Exercise description
The task requires repeating, word for word, the lines from the one with "136 Linglestown Rd, Harrisburg, PA 17110" through the end of the material, leaving out all pictures.

━━━━━━━━━━━━━━━━━━━━

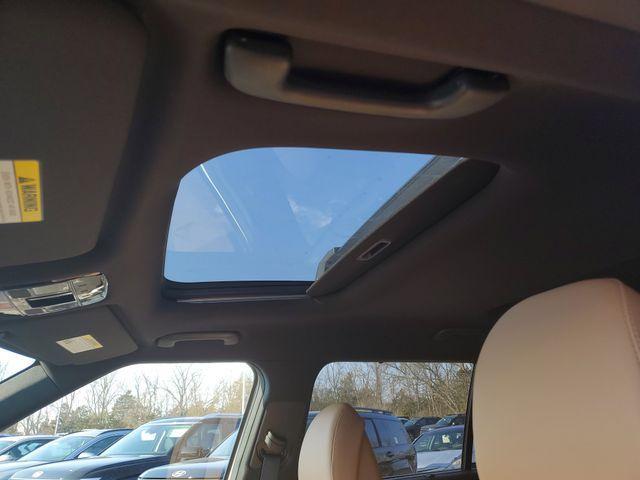 new 2026 Hyundai Santa Fe car, priced at $46,451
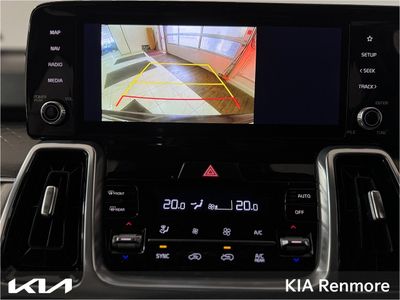 2022 Kia Sorento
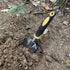 Hand Shovel for Gardening, Hand Trowel Potting Trowel Garden Tool, Cast Aluminum Heavy Duty Garden Hand Shovel Gardening Tool for Digging Planting...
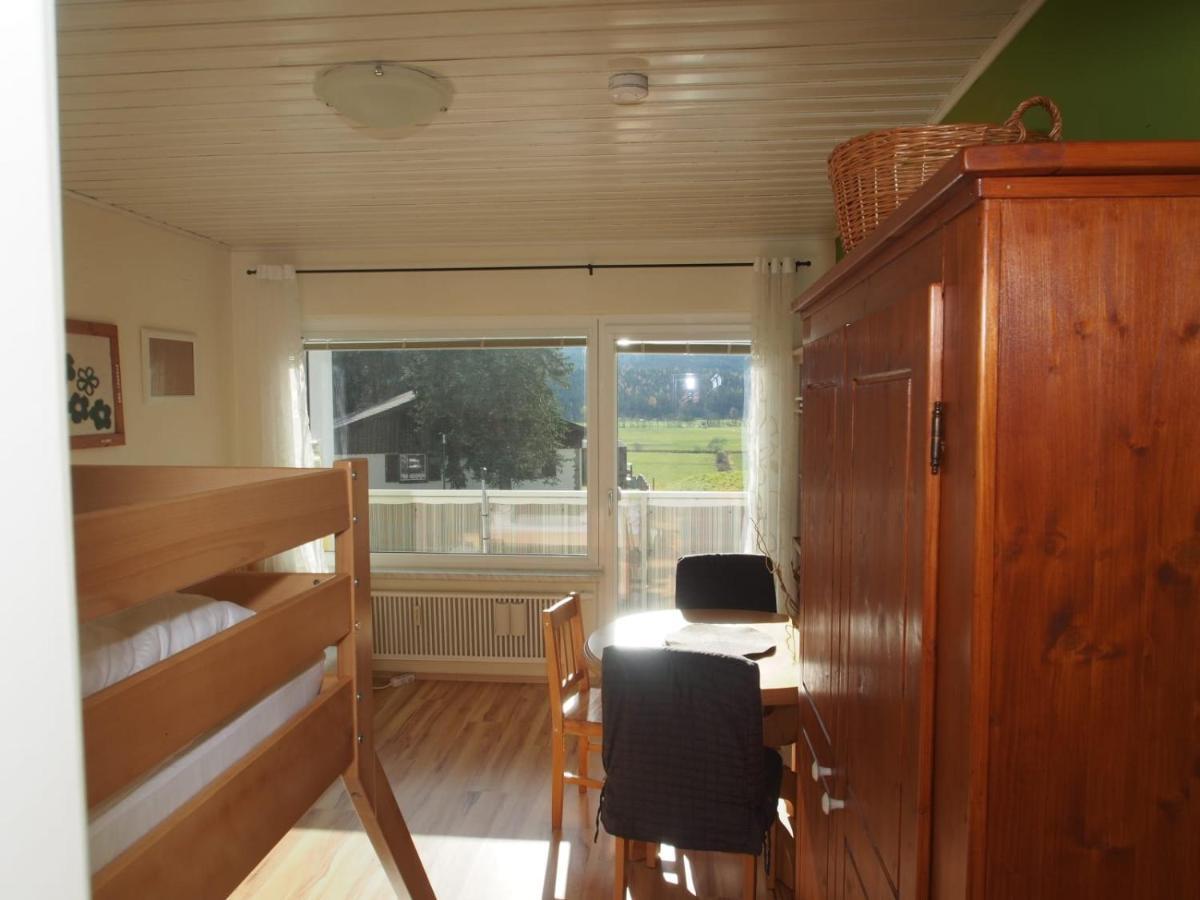 Perfect Day Apartment Bad Mitterndorf Buitenkant foto
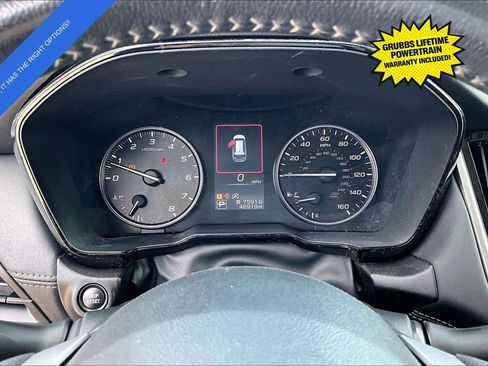 Used 2023 Subaru Outback Premium w/ Popular Package #1 image 29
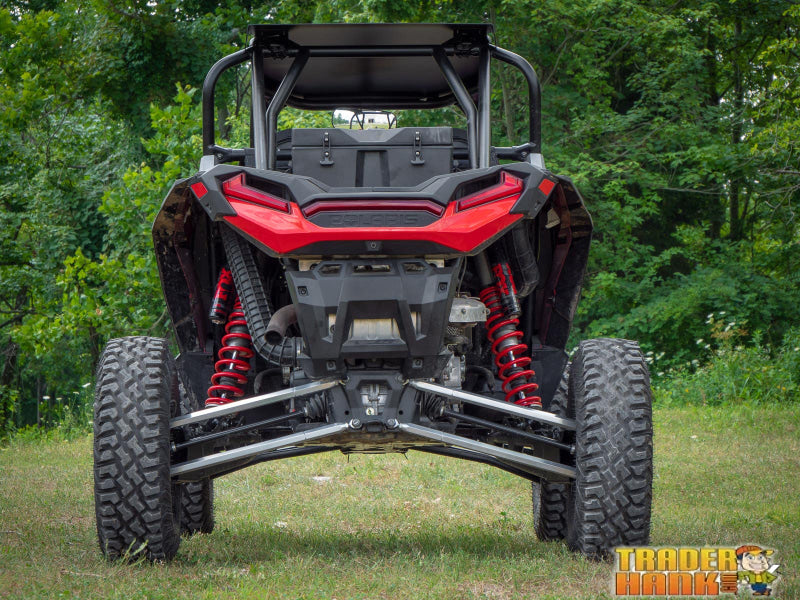 Polaris RZR XP Turbo S Billet Aluminum Radius Arms | UTV Accessories - Free shipping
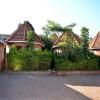 Mak Cottages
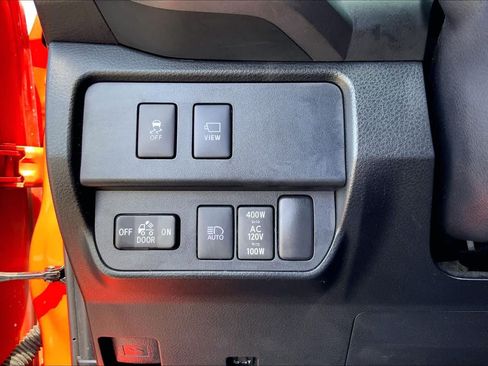 Used 2023 Toyota Tacoma TRD Pro AWD/4WD image 33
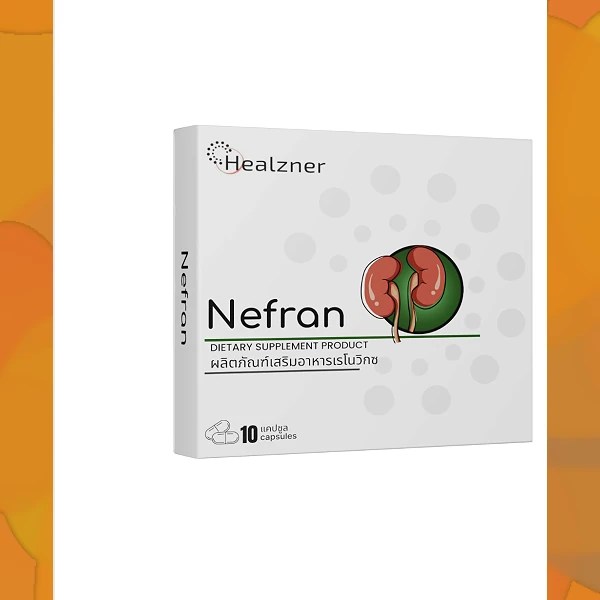 Nefran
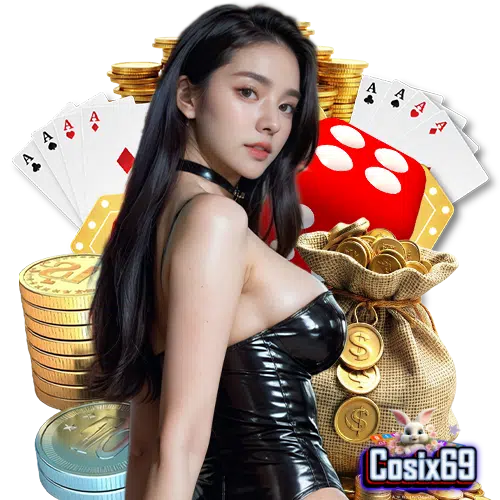 cosix69 สล็อต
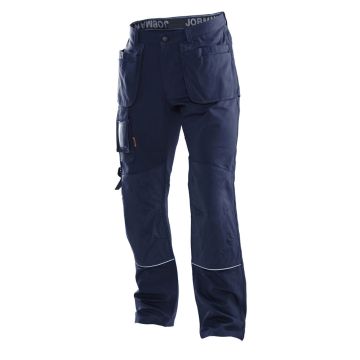 Jobman 65291208 2912 Trousers HP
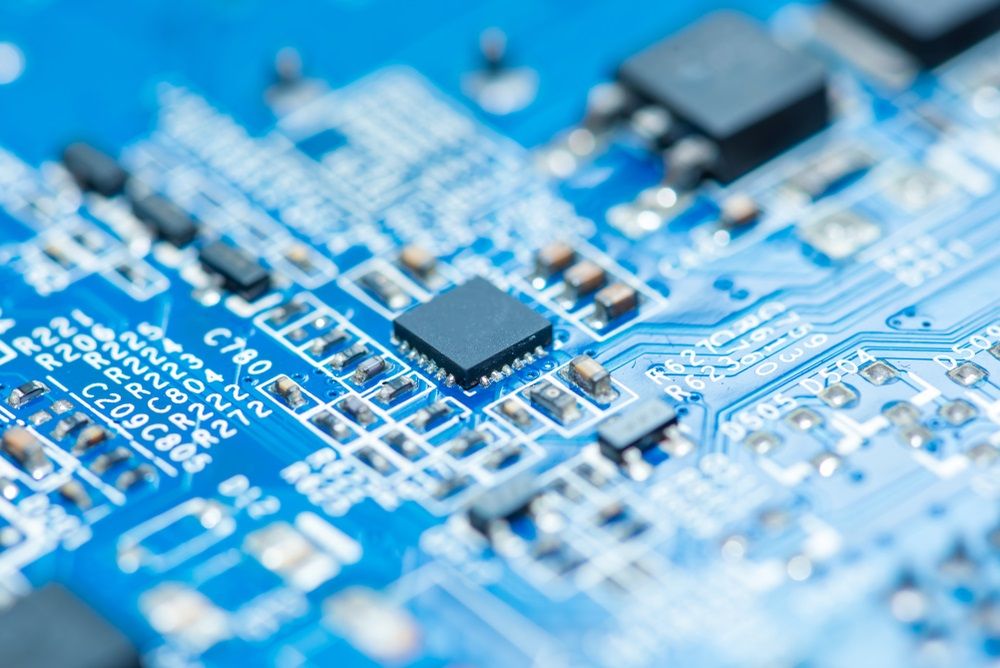 Watch Out for One NASDAQ-Listed Semiconductor ADR - Arm Holdings PLC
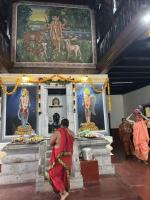 Mahashivaratri Utsava 2026 at Karkala: Swagat Sabha (12 Feb 2026) Pictures Courtesy of Shri Arun Kailaje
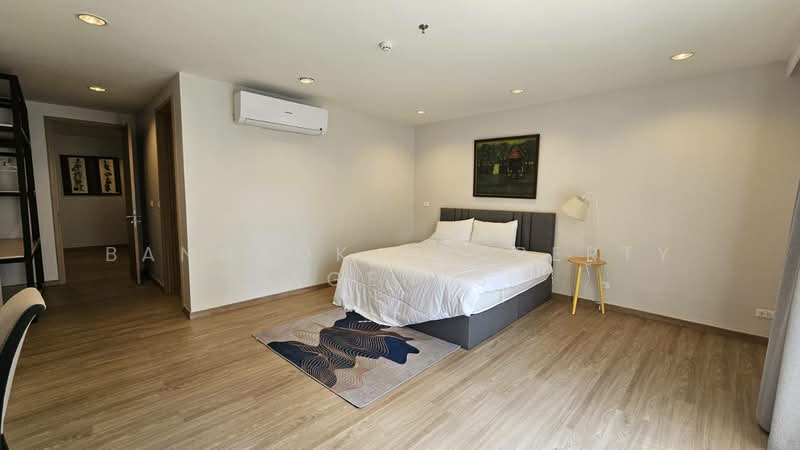 Sathorn 111, Bangkok, Thung Maha Mek, Sathon, Bangkok, 4 Bedrooms, 262 sqm, Condo For Rent, by BANGKOK PROPERTY AGENTS, 500397485 - DDproperty.com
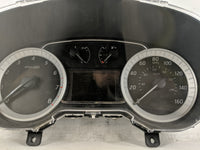 2014-2015 Nissan Sentra Instrument Cluster Speedometer Gauges P/N:248109AM0D Fits Fits 2014 2015 OEM Used Auto Parts - Oemus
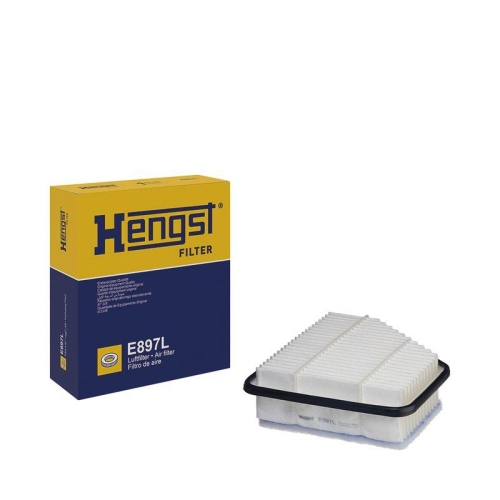 HENGST FILTER Luftfilter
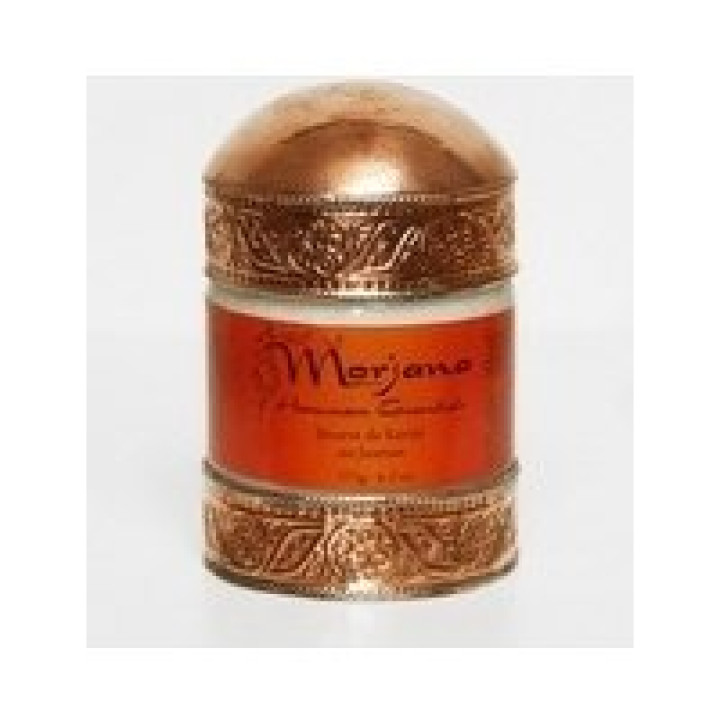  Французька  косметика Morjana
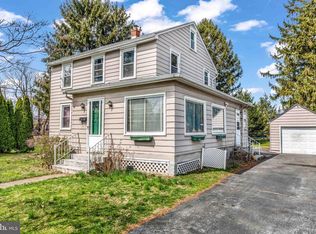 136 Linglestown Rd, Harrisburg, PA 17110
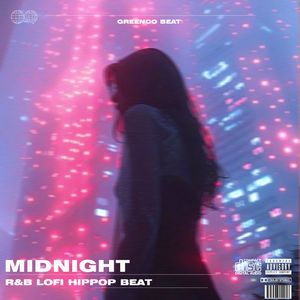 【FREE】"Midnight" R&B Lofi Hippop Beat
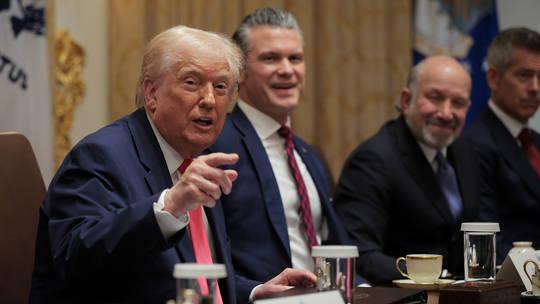 美国总统唐纳德·特朗普近日发表了一番引发广泛争议的言论，他明确表示不希望索马里移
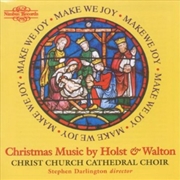 Buy Make We Joy ( Christmas Music )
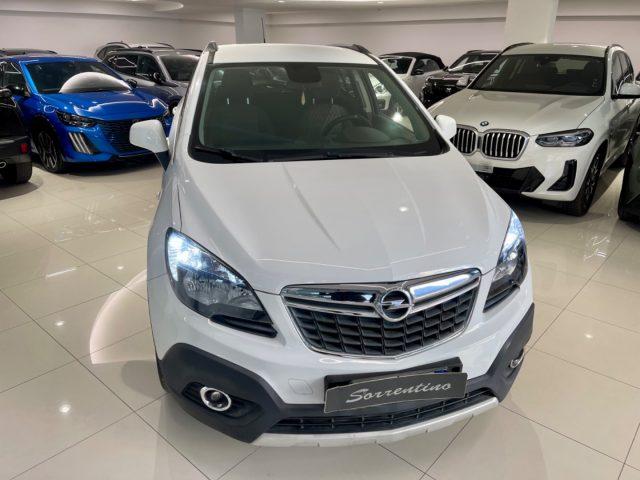 OPEL Mokka 1.6 GPL Ecotec 115CV 4x2 Start&Stop Cosmo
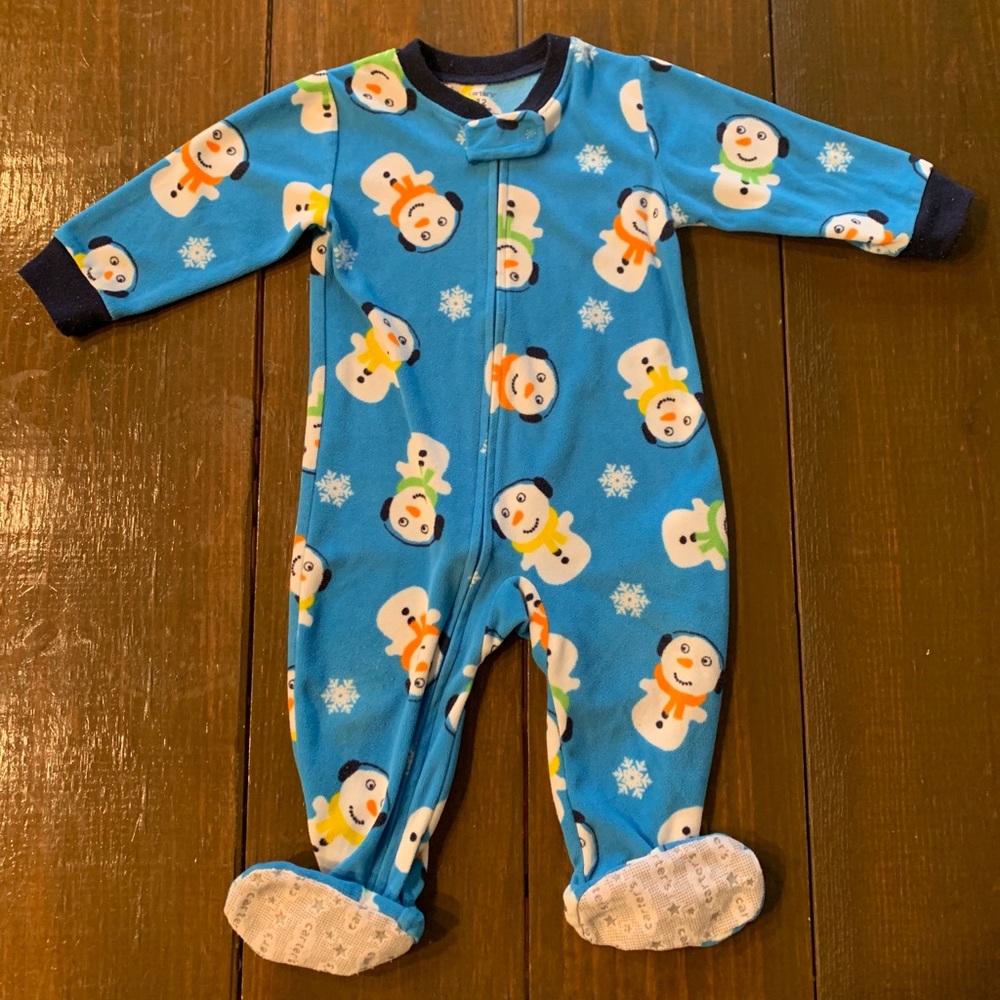 Winter Pajamas ⛄️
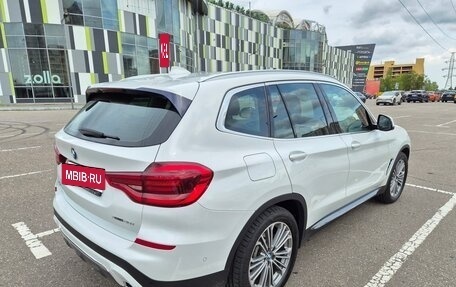BMW X3, 2020 год, 3 740 000 рублей, 4 фотография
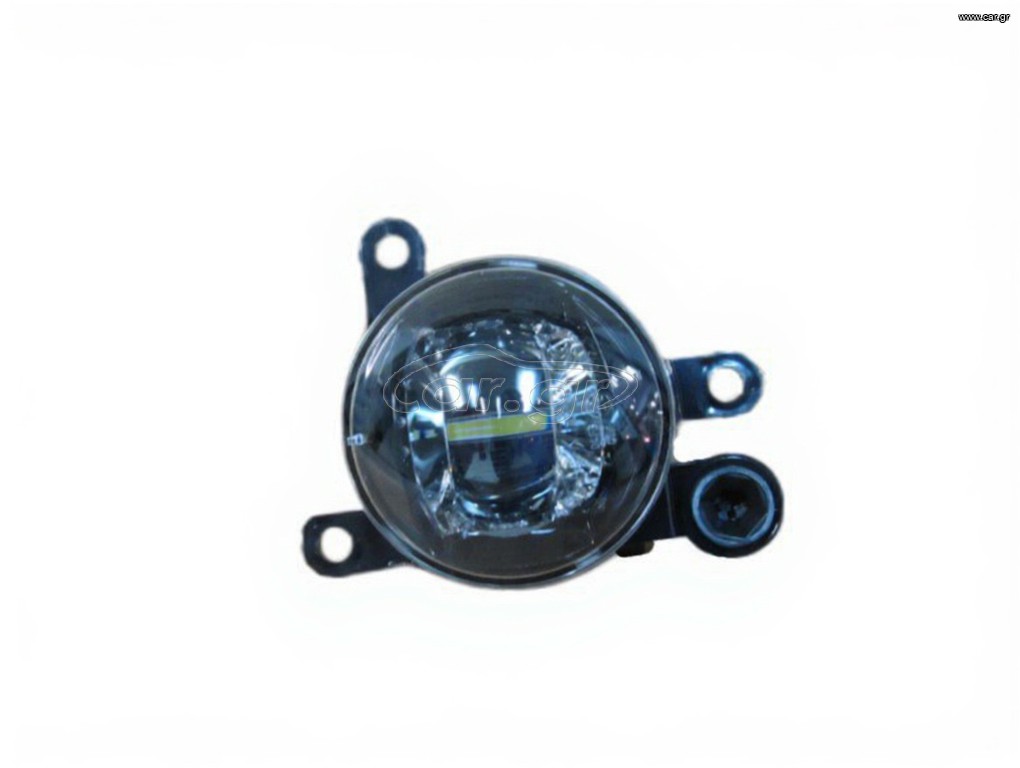 ΠΡΟΒΟΛΕΑΣ ΟΜΙΧΛΗΣ LED (VALEO) ΔΕ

━━━━━━━━━━━━━━━━━━━━

Task response
 136 Linglestown Rd, Harrisburg, PA 17110
 【FREE】"Midnight" R&B Lofi Hippop Beat
 美国总统唐纳德·特朗普近日发表了一番引发广泛争议的言论，他明确表示不希望索马里移
 Buy Make We Joy ( Christmas Music )
 OPEL Mokka 1.6 GPL Ecotec 115CV 4x2 Start&Stop Cosmo
 Winter Pajamas ⛄️
BMW X3, 2020 год, 3 740 000 рублей, 4 фотография
 ΠΡΟΒΟΛΕΑΣ ΟΜΙΧΛΗΣ LED (VALEO) ΔΕ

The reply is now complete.